Principle:Treeverse LakeFS Import Initiation
| Knowledge Sources | |
|---|---|
| Domains | Data_Import, Data_Engineering |
| Last Updated | 2026-02-08 00:00 GMT |
Overview
Import initiation is the act of triggering an asynchronous zero-copy data import from external object storage into a lakeFS branch, receiving a job identifier for subsequent progress tracking.
Description
In data engineering workflows, importing large volumes of data from external storage into a versioned data lake cannot be done synchronously. A single import operation may need to catalog millions of objects, build internal metadata structures (metaranges), and create a commit -- a process that can take minutes or even hours for very large datasets.
The import initiation principle addresses this by adopting an asynchronous job submission pattern:
- The client sends a request describing what to import (source locations, destination paths, commit metadata)
- The server validates the request, enqueues the import job, and immediately returns a unique job identifier
- The client uses this identifier to poll for progress and eventual completion
This pattern provides several key benefits:
- Non-blocking operation -- The client is not held waiting on a potentially long HTTP connection. Network timeouts, load balancer limits, and client-side resource constraints are avoided.
- Scalability -- The server can queue and process import jobs at its own pace, throttling resource usage for concurrent imports.
- Atomicity -- The entire import is committed as a single atomic operation. Either all objects are successfully cataloged and a commit is created, or the import fails without partial state.
- Idempotency considerations -- The
forceflag allows overriding uncommitted changes on the target branch, giving the client control over conflict resolution.
The import creates a new commit on the target branch containing metadata entries for all imported objects.
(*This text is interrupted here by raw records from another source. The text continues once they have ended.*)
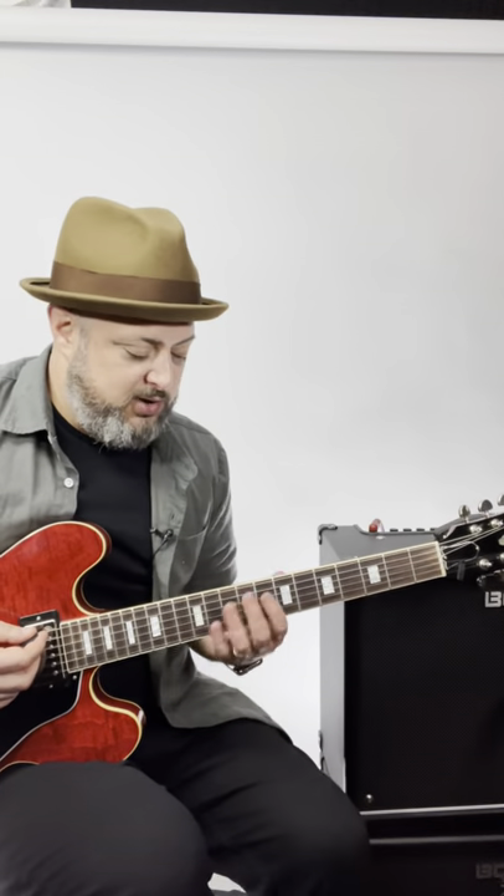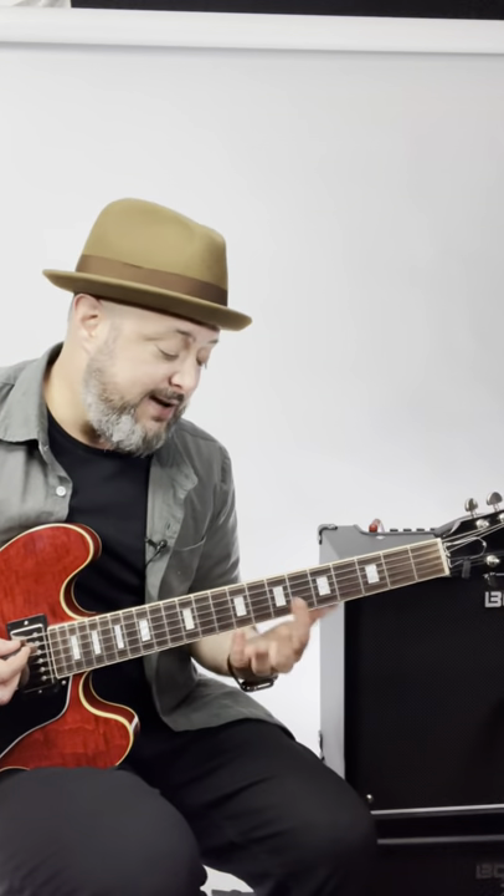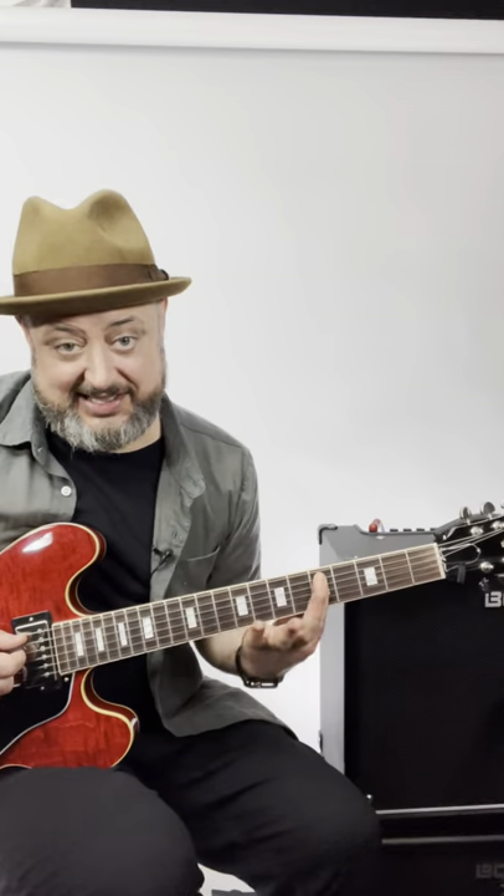Classic blues rock riff. We're going to go to an E, which is the 7th fret of the A string. 7, 7, 5, 7. And then you go back to the 5 and slide up and back.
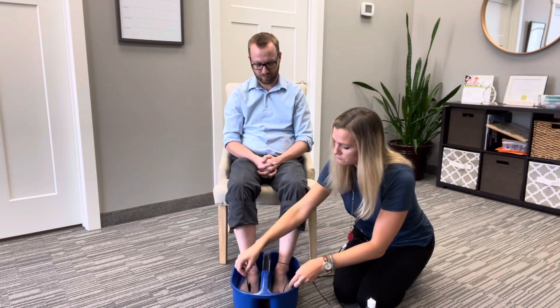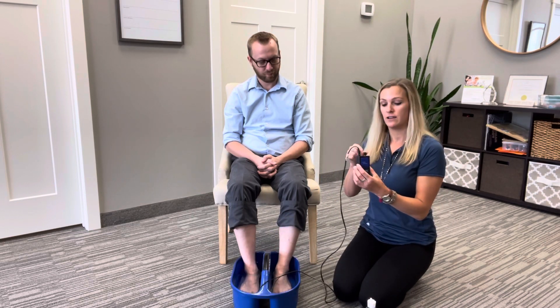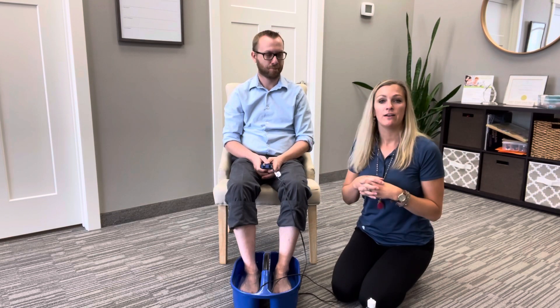Then we put the pads in there. The patient would turn it on and turn it up to their comfort level. It does not hurt at all. It will also shut off after a half hour so you know your treatment is done. While you're doing this treatment, you can be sitting, watching TV, reading a book. For the peripheral neuropathy of your hands, the gloves can be done while you're even sleeping, and the unit will shut off on its own.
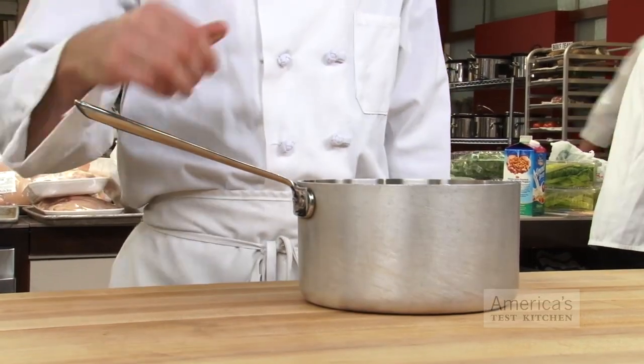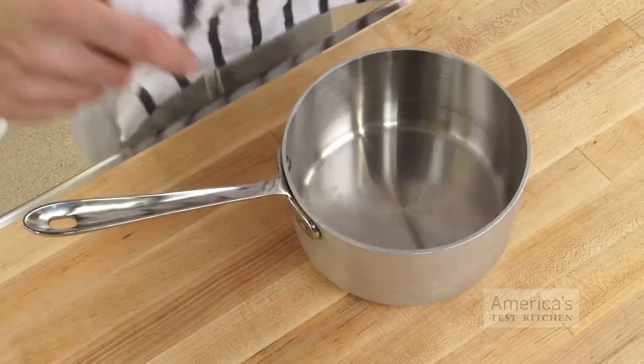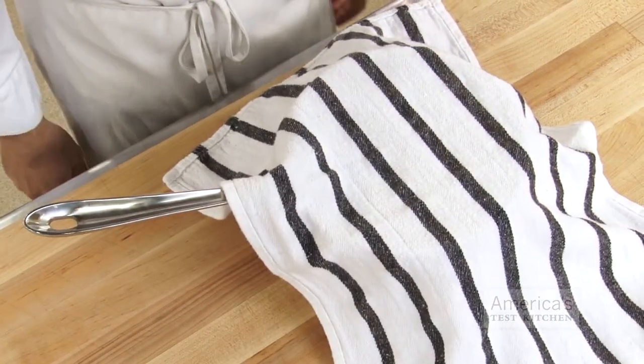The first option is to grab a heavy pot that's slightly smaller than your mixing bowl and drape a kitchen towel over it. Then just place the mixing bowl inside the towel-lined pot and whisk away.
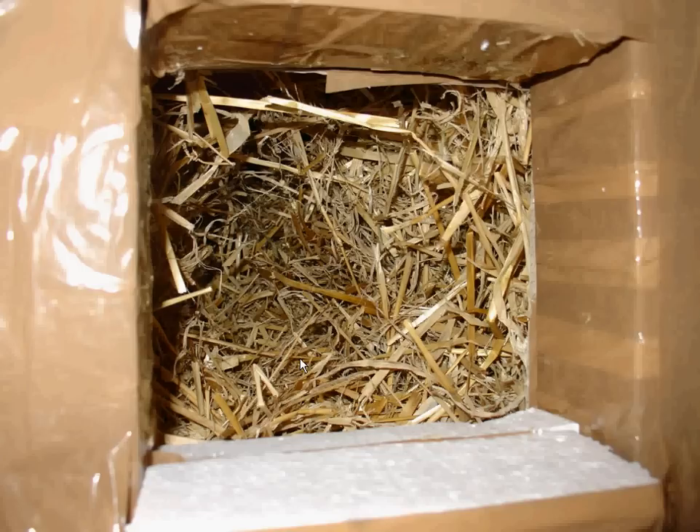Another thing to note is that with extensive use the straw tends to get compressed. Check regularly when those stray cats are around to see if you need to fill it up with more straw. Sometimes cats compress it really a lot, so you have to add more straw to keep it tight — because that tightness is like a blanket and gives the cat additional warmth.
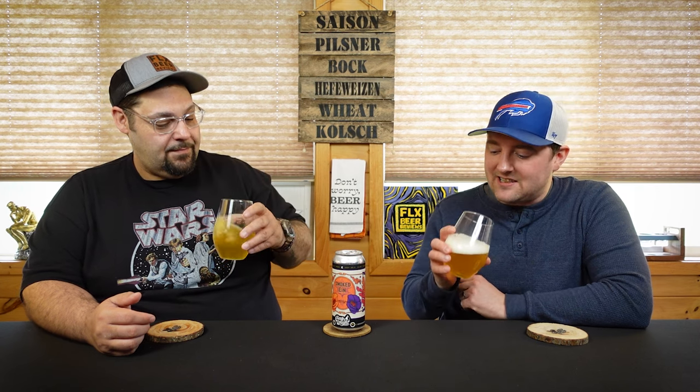It looks the part, it looks zesty, definitely looks zesty. Oh, that smells so good. Just get a deep whiff on that — it is so grassy, straw, lemony, zesty.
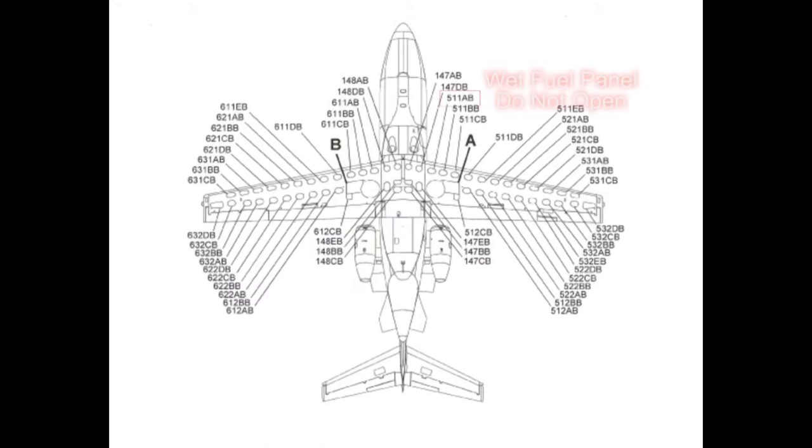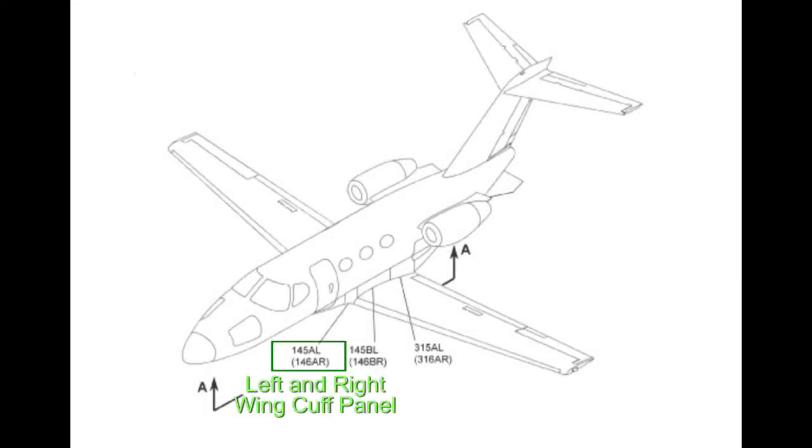Two technical publication change requests have been submitted to correct this error in the 510 Maintenance Manual. TPCR 79390 corrects the error in 30100 Airfoil De-ice Boots Maintenance Practices, and TPCR 79389 corrects the error for panels 511 AB and 611 AB in Chapter 6400, Access Plates and Panels Identification, Description and Operation.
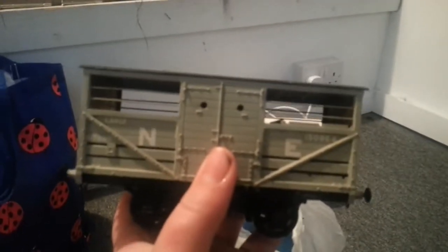Starting off with this one, which is the only one that isn't Dapple — they're all over-gauge wagons. I'll get this one out and show you. This one isn't going to be reviewed. It is a cattle van, which is quite nice. Pop that up on there.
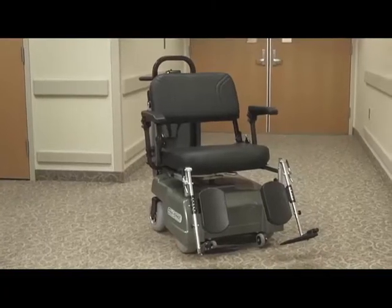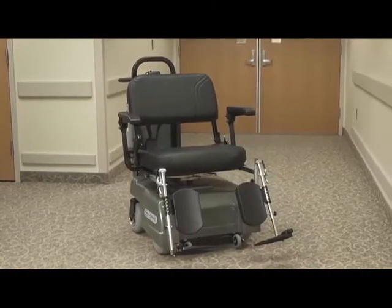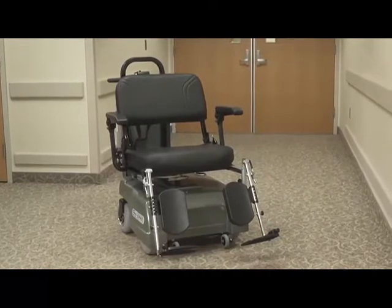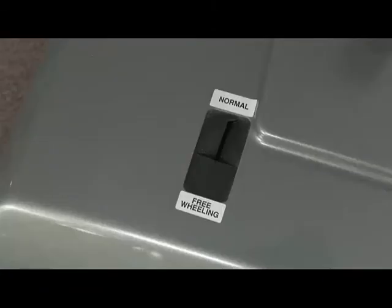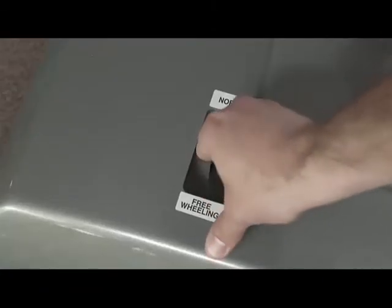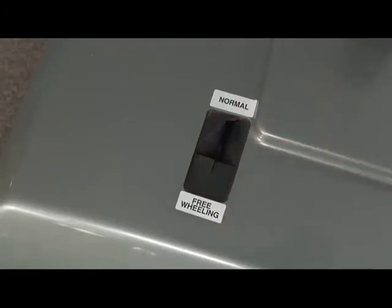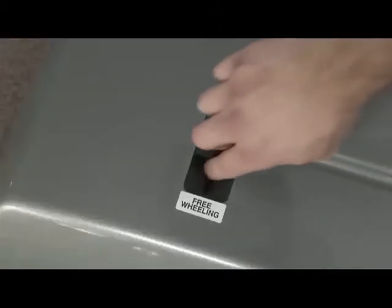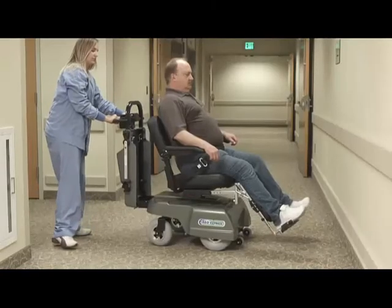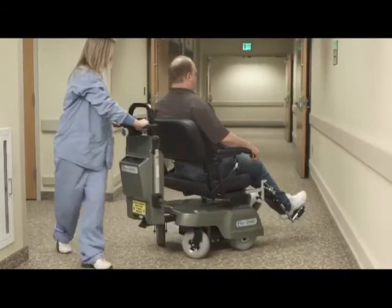When the PTC must be moved while electrical power is unavailable or if disabled, perform the following procedure. Turn the key switch to the off position. Locate the brake disengagement lever under the seat. Disengage the brake by rotating the brake lever about 20 degrees. Do not release the brake when the PTC is located on an incline. The lever should be hand-operated only — operating it in any other way could damage the brake. Once the brake is off, you can manually push your PTC.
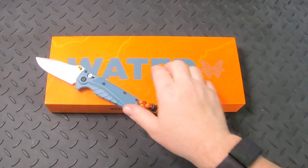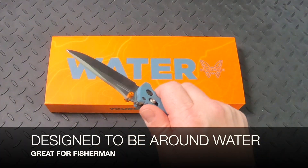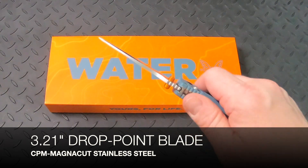The Benchmade Mini Adira Knife is designed to be around water. If you're a fisherman, this is the perfect knife for you. It features a 3.21 inch drop point blade made of CPM MagnaCut stainless steel.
The actual data bytes are never copied; lakeFS records pointers to the original external storage locations.
Usage
Use import initiation when:
- Starting a data onboarding pipeline -- Triggering the initial import of external datasets into lakeFS as part of an automated ETL/ELT workflow
- Scheduled batch imports -- Running periodic (hourly, daily) imports of new data partitions from a landing zone
- Programmatic data ingestion -- Integrating lakeFS import into scripts, Airflow DAGs, or CI/CD pipelines that need to kick off imports and later check results
- Large-scale catalog operations -- Importing datasets with millions of objects where synchronous approaches would time out
Theoretical Basis
The import initiation pattern follows the well-established asynchronous job submission model used in distributed systems:
SYNCHRONOUS (blocking) pattern:
Client ---[request]--> Server ---[process...long wait...]--> Client
Problem: timeouts, resource holding, no progress visibility
ASYNCHRONOUS (non-blocking) pattern:
Client ---[submit job]--> Server ---[job_id]--> Client (immediate)
Client ---[poll status]--> Server ---[progress]--> Client (repeated)
Client ---[poll status]--> Server ---[result]--> Client (final)
The import operation follows a state machine:
SUBMITTED --> IN_PROGRESS --> COMPLETED
|
+--> FAILED
|
+--> CANCELED
Upon initiation, the server:
- Validates the import request (checks that source paths are well-formed, branch exists, blockstore type matches)
- Checks for conflicts -- if the branch has uncommitted changes and
forceis not set, the operation is rejected - Enqueues the job and assigns a unique identifier
- Returns the identifier immediately with HTTP status 202 (Accepted)
The server then processes the job asynchronously:
for each ImportLocation in request.paths:
if location.type == common_prefix:
enumerate all objects under location.path
for each object:
record metadata entry at (destination + relative_suffix)
else if location.type == object:
record metadata entry at destination
build metarange from all metadata entries
create commit on target branch with metarange
The 202 status code is semantically important: it indicates that the request has been accepted for processing but processing is not yet complete, distinguishing it from a 200 (success) or 201 (created) response.